Publié le 9 novembre 2009 Lecture : 5 minutes.

Dans un contexte difficile, le Niger décroche le titre de champion de la croissance dans l’UEMOA, tandis que le Sénégal et le Togo sont les lanternes rouges. C’est ce qu’indique le dernier rapport de la Banque de France sur la zone franc (données arrêtées en juillet 2009). Avec une progression de son PIB qui a grimpé jusqu’à 9,5 % en 2008, le Niger fait beaucoup mieux qu’en 2007 (3,3 %) et qu’en 2006 (5,8 %). Une performance qui s’explique par une production agricole fortement à la hausse et des investissements dans les secteurs miniers, des télécommunications et des transports. Juste après, trois pays enregistrent une croissance égale ou supérieure au seuil symbolique de 5 % : le Bénin (5 % en 2008, contre 4,6 % en 2007), le Burkina (5 %, contre 3,6 %) et le Mali (5,1 %, contre 4,3 %). Malheureusement, ces bons résultats décroîtront tous en 2009 et probablement en 2010 et en 2011, si l’on en croit le rapport « Perspectives économiques régionales : Afrique subsaharienne » d’octobre 2009 du FMI. La croissance du Niger descendrait ainsi à 3 % en 2009, et se situerait entre 2,5 % et 4 % en 2010 et 2011. Les autres pays devraient s’installer dans une fourchette allant de 3 % à 4 % en 2009, et pourraient de nouveau atteindre les 5 % entre 2010 et 2011.

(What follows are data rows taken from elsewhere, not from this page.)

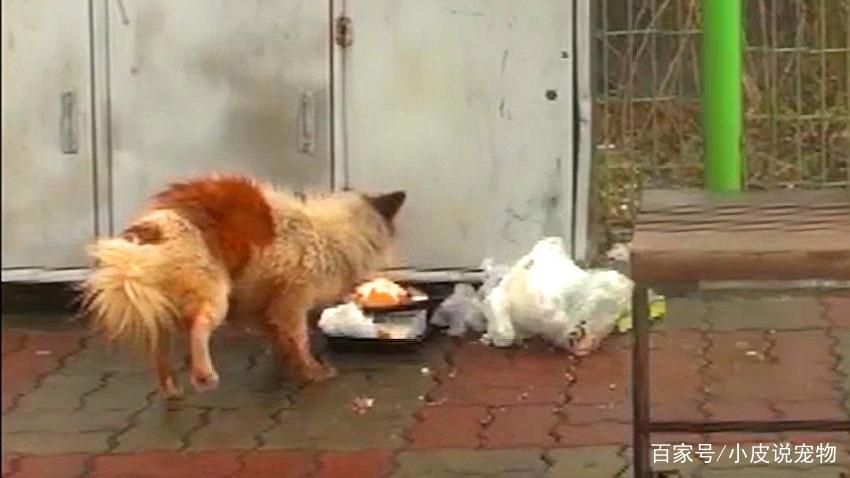 三只流浪狗感受到爱的样子，真的好暖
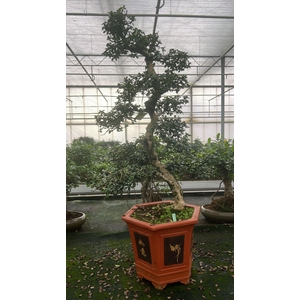 Carmona macrophylla, pot 37 cm., height 115 cm. (single item)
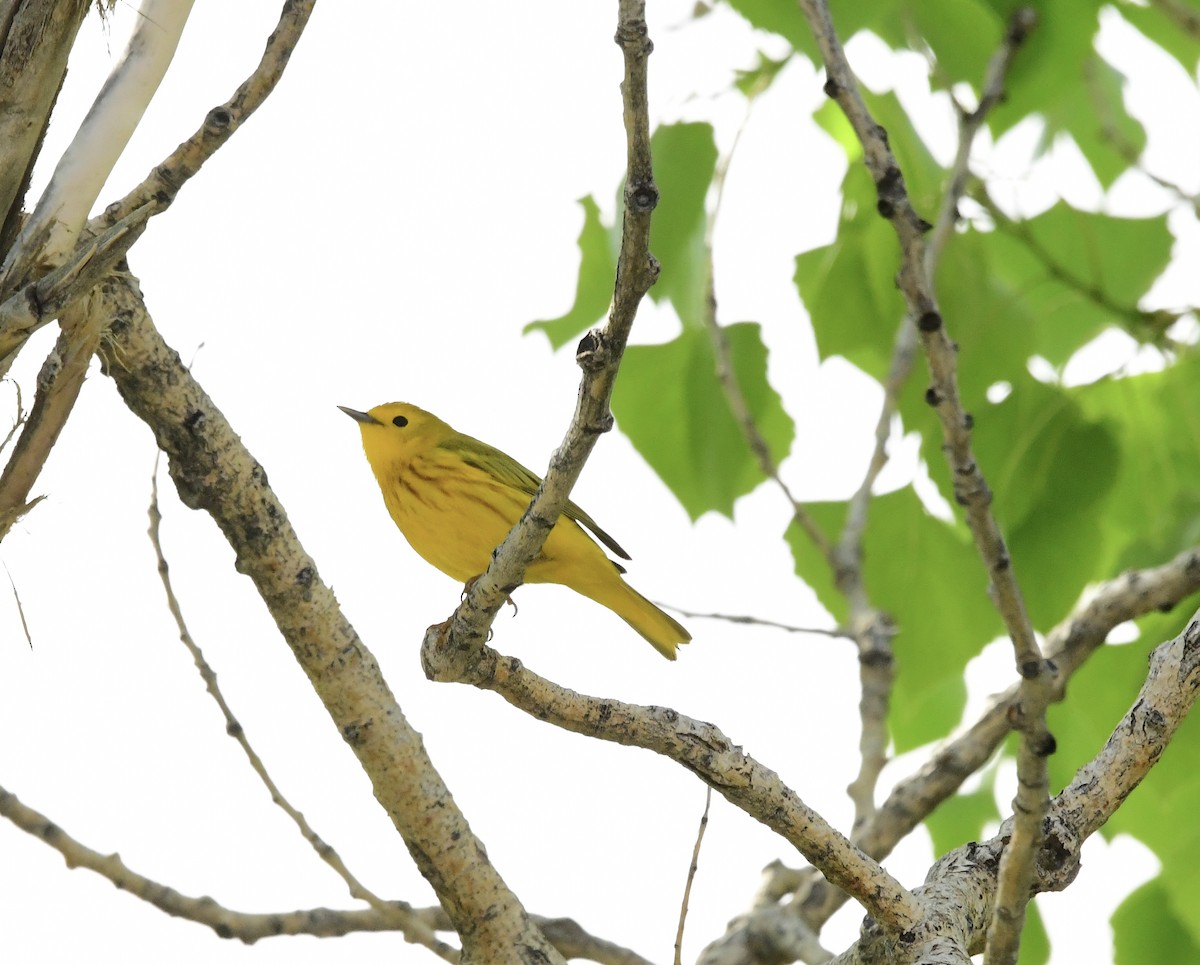 Yellow Warbler - ML576602491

Les lanternes rouges de la sous-région : le Togo, qui paie le prix des incertitudes politiques et de quinze ans de rupture avec les bailleurs de fonds, et le Sénégal, handicapé par l’atonie de l’industrie et des services, ont engrangé, pour le premier une croissance du PIB de 1,6 % en 2008 de 2,1 % en 2007, et pour le second de 2,5 % et 4,7 % pour ces mêmes années. D’après les prévisions, leurs performances devraient se redresser très timidement en 2009 pour se situer entre 2,5 % et 4 % en 2010 et 2011.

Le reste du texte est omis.